Over the last couple of days, we discussed the very tight trading range the market was in. Yesterday, that consolidation failed as the market broke below support and fell over 2% for the day. Such as sparked by continued Fed hawkishness on rate hikes and balance sheet tapering against a backdrop of rapidly deteriorating economic data. It is now a race between the Fed rate hikes and the onset of a recession. After raising additional cash and adding a short hedge we will use any rallies to build out hedges further.

Market trading update

$5 Gas is Here

The Bloomberg illustration below shows that most of the nation is paying $5 or more for a gallon of gas. The average is now just shy of $5 at $4.96. Per AAA, California has the average highest price per gallon at $6.39

gas prices

Consumers Are In Trouble

Inflation rising quicker than wages is spelling trouble for many consumers. We recently wrote in The Consumer is Getting Squeezed:

Consumers are being squeezed by negative real wage growth and inflation at 40-year highs. As a result, consumer sentiment is declining, and personal consumption habits are changing as people struggle to help make ends meet.”

The article analyzes a series of graphs showing that consumer sentiment is poor due to negative real wage growth. As a result, they are increasingly relying on savings and credit cards to make ends meet. After publishing the article, we stumbled upon another graph that further highlights the consumer’s plight. As the graph from the Atlanta Fed shows, not only are consumers struggling to pay for higher food and gas prices, but housing costs now account for almost 7-10% more of their income than they had over the last decade. “70% of the economy is tied to the fate of the consumer.” Is it any wonder that the CFOs and World Bank are tooting their recession horns?

housing income consumers

The Old Adage Holds True

There is an old adage that you buy the stocks that get kicked out of indexes because they tend to do better. Such is the case with the recent changes in the Dow Jones Industrial Average.

“The Dow — which is the world’s oldest actively managed index — kicked out ExxonMobil nearly two years ago, along with Pfizer (PFE) and Raytheon Technologies (RTX). The Dow committee’s August 2020 move was the biggest reshuffle since Apple (AAPL) replaced AT&T (T) back in 2015.

‌ In the place of XOM, RTX and PFE, index manager S&P Global popped in (CRM), Amgen (AMGN), and Honeywell (HON).

The problem? Only Honeywell stock has made a profit for investors — gaining 16% — since that switch out. In 2022, Salesforce has sunk 26% and Honeywell has dropped 7%. It comes as little consolation for the index that Amgen shares are up 9% this year.

Meanwhile, XOM has gained 157% since being booted, and up 781% this year alone.

Since being removed from the Dow, Raytheon shares are up 59% while Pfizer has gained 49%. These stocks are up 15% and down 9% this year, respectively.

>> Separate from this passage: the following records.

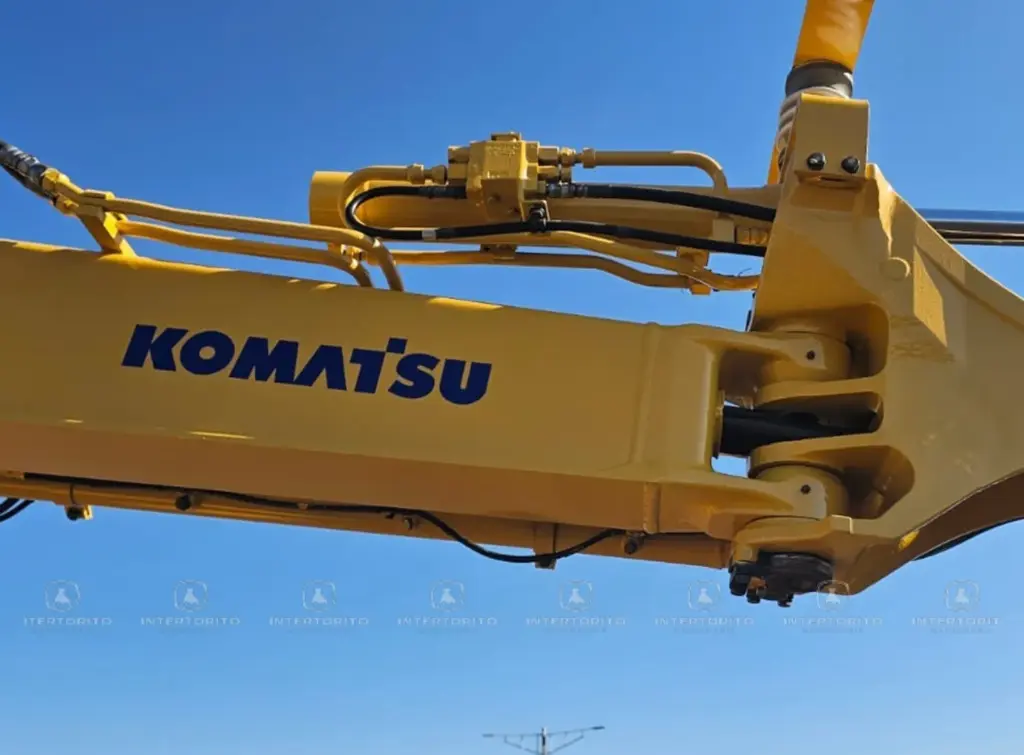 KOMATSU PC58 UU 1726 (8)_9_11zon.webp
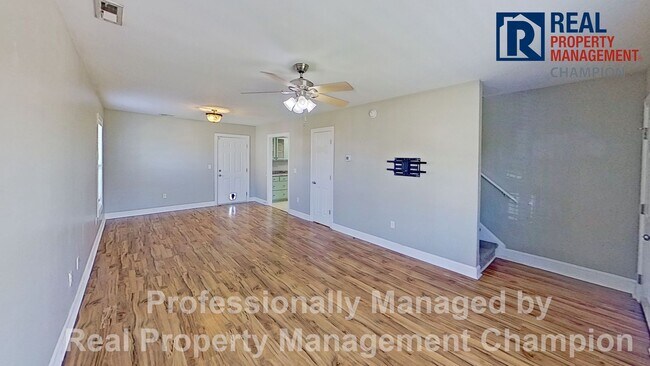 Foto del edificio - 3 BD/2.5 BA Home with Fenced Yard & Attached Garage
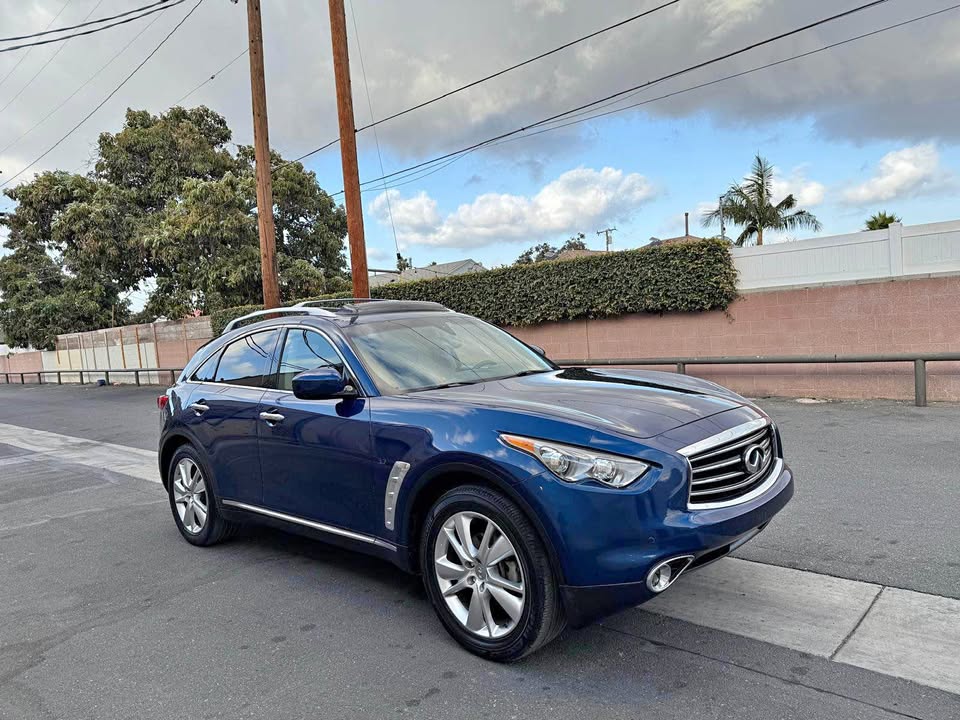 Infinity QX70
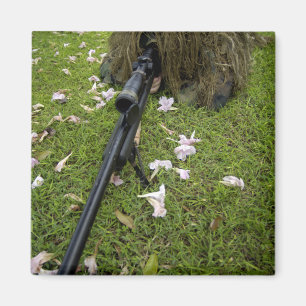 Soldaten övar prickskytttaktik magnet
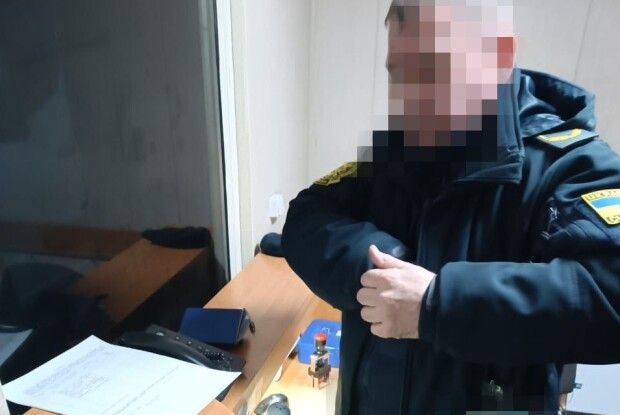 Волинський митник брав хабарі у підприємців (Фото)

Put it all together, and the Dow would have been better off had the index managers simply sat on their hands.” – Yahoo Finance

Dow returns

Jobless Claims Trending Higher

Initial jobless claims rose to 229k last week, continuing a trend higher over the last three months. While the trend may be concerning, the number of jobless claims remains very low. Since 1967, only 9% of the weekly claims numbers have been below the current number. The pre-pandemic average is 350k. We suspect jobless claims, traditionally a leading indicator of the labor market, may not be as effective this time. Simply, many companies are or were recently struggling to find qualified employees. Even though their businesses may be slowing down a little, in many cases, they may be lax in firing employees and face the daunting task of rehiring in the future.